Le eredità artistiche e teoriche di Marcel Broodthaers, morto nel 1976 lo stesso giorno del suo cinquantaduesimo compleanno, hanno permeato la fenomenologia dell’arte dagli anni Sessanta a oggi. Non sempre però il pubblico riconosce nelle pratiche attuali la sua primogenitura e la profonda reinvenzione dei linguaggi, tra cui l’ideazione di un nuovo modello di museo.
Al MAMbo il merito di avergli dedicato il giusto plauso italiano con la mostra “L’Espace de l’écriture”, curata da Gloria Moure e incentrata sulle opere prodotte tra il 1968 e il 1975. La scrittura resa immagine, l’amore per la poesia di Stéphane Mallarmé, l’idea magrittiana di una pluralità di senso tra le parole e le cose orientano concettualmente la trama espositiva.
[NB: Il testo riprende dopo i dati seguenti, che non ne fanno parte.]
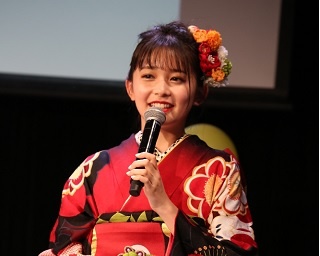 久間田琳加がデザイン＆プロデュースした振袖を着てファンに初披露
L’installazione La Salle Blanche del 1975 ne rappresenta una sintesi ideale: collocato nella sala centrale del museo, l’ambiente è lo spaccato di una stanza vuota dai muri ricoperti di decine di parole scritte in nero che paiono “echeggiare” nello spazio, suggerendo una rete mentale di relazioni possibili tra parola, immagine e oggetto. L’opera è anche una critica aperta alle istituzioni, ai modi codificati di rappresentare l’arte, all’idea stessa di museo, temi tutti riassunti nel suo progetto più famoso “Le Musée d’Art Moderne”, di cui si possono vedere in mostra altri lavori come Un Jardin d’Hiver II del 1974, uno spazio caratterizzato dal “décor” di piante, sedie, disegni e proiezioni filmiche, a cui s’ispirano oggi molti giovani artisti e curatori.
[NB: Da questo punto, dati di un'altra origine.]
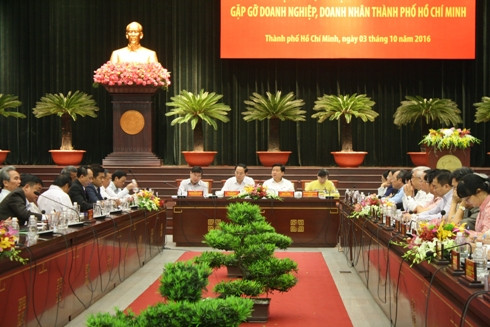 Quang cảnh buổi tiếp xúc với cộng đồng doanh nhân, doan nghiệp của Chủ tịch nước Trần Đại Quang (ảnh: P.L) Quang cảnh buổi tiếp xúc với cộng đồng doanh nhân, doan nghiệp của Chủ tịch nước Trần Đại Quang (ảnh: P.L)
La decostruzione del linguaggio è sviluppata genialmente in due celebri opere del 1969. Il cortometraggio in bianco e nero La Pluie (projet pour un texte) mostra il tentativo fallimentare dell’artista di scrivere un testo sotto la pioggia che cancella inesorabilmente l’inchiostro. Nell’installazione Un coup de dés jamais n’abolira le hasard. Image, esposta nella sezione “La spazializzazione della poesia”, l’azione di cancellare si trasforma invece in un atto di costruzione dell’immagine: su placche in alluminio l’artista ha inciso sequenze di rettangoli neri che sostituiscono le parole mallarmeane del libro Un coup de dés, traducendo così plasticamente l’idea stessa di parola, di pagina, e giocando sul confine tra presenza-assenza.